Συσταδοποίηση ροών σύνθετων δεδομένων
Clustering complex data streams
Κοντονής, Βασίλειος Ν.
Streaming data clustering is a continuous growing research area through various aspects such as big data mining, clustering and analysis algorithms and more, where the need for high volume data processing is required. This thesis’s purpose is to evaluate the capabilities provided by modern and widely known libraries (MOA) and tools (R programming language) to apply clustering algorithms on streams of high volume of complex data. Having available a dataset with a big amount of records regarding the trajectories of many taxis in Beijing, the important contribution of this project is the implementation of this particular architecture and application. The result of the above mentioned application using the specific dataset that is available has revealed the prospect that is provided to the research and the commercial sector by utilizing the MOA library through the R programming environment. DenStream, a density based clustering algorithm, has been applied, evaluated and also compared to the CluStream algorithm, which has also been applied and evaluated as part of this thesis.
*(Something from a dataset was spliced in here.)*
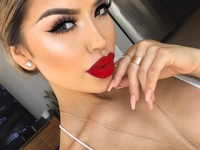 3 простых совета, которые помогут выбрать красную помаду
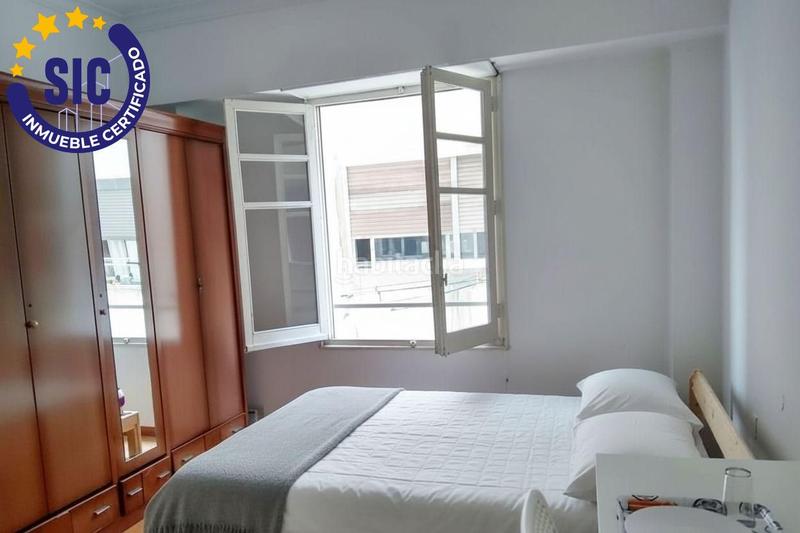 Foto c1be3a6a-1619-43f7-b692-03b77ed6bf89. Piso en avenida cid 72 venta piso en av. del cid en Valencia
DenStream algorithm has given better results than the CluStream algorithm in terms of clustering quality, based on specific evaluation metrics used. Furthermore, it turns out that the initialization of the parameters of each algorithm is empirical and it is defined by the analyst based on expertise and the domain knowledge. Eventually, in this thesis it is considered if the suggested architecture could be a point of reference or a subset of a statistical analysis system, which could process data streams, group them into clusters and evaluate the results in real time.